A revista Forbes traz a informação de que os 206 bilionários brasileiros em sua maioria não produzem nada, vivem de renda, dos juros altos e não pagam impostos — desde 1995, graças ao governo FHC, eles não pagam impostos sobre lucros e dividendos distribuídos.
Hoje, detêm a bagatela de R$ 1,2 trilhão. Em 2012, 74 bilionários detinham um patrimônio declarado de R$ 346 bilhões.
Essa escandalosa e criminosa concentração de renda é a principal causa da desigualdade e da pobreza no Brasil, um país rico, já que tem uma renda para cada família com 4 pessoas de R$ 15 mil por mês. No mundo, esse quadro ainda é mais grave — 26 cidadãos têm riqueza maior que 3,9 bilhões de cidadãos, ou seja, a metade da humanidade.
O sistema tributário no Brasil, que deveria distribuir renda, é um dos principais instrumentos de concentração de renda, propriedade, riqueza, grandes fortunas, doações e heranças. Os mais ricos e as altas classes médias não pagam impostos ou pagam menos relativamente que a maioria da população, que ainda é expropriada nos impostos indiretos e regressivos de bens e serviços.

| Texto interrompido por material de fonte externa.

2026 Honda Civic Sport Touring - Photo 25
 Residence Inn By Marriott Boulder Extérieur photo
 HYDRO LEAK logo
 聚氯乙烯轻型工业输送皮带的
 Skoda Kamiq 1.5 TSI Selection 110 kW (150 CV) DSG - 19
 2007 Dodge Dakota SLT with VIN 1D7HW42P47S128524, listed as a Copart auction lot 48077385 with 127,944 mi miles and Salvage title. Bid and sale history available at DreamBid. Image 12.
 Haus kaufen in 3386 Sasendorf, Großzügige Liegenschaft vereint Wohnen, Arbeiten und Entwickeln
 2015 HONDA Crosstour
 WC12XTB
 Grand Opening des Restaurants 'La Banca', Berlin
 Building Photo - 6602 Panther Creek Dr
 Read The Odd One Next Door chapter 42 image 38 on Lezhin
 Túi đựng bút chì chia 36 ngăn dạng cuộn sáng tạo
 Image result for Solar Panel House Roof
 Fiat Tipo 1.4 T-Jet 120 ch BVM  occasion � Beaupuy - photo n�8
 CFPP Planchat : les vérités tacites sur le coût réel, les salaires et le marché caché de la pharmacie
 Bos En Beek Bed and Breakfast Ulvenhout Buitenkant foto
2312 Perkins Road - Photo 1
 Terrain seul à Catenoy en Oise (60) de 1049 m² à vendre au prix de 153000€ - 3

Para completar o verdadeiro assalto à renda nacional, o sistema bancário, com juros reais imorais e vergonhosos, explora o conjunto da população.
Catástrofe social
Estas são as verdadeiras causas do subconsumo, do baixo ou nenhum crescimento do país, onde tudo está ainda para ser construído e milhões não têm empregos e, quando os têm, são subempregos, precários e informais, uma verdadeira catástrofe social e humanitária, resultado direto das reformas trabalhistas.
É uma ilusão acreditar que o povo suportará por muito tempo essa estrutura econômica e social que só beneficia uma minoria. Vai reagir e se levantará como o fez na Colômbia, no Chile e no Equador.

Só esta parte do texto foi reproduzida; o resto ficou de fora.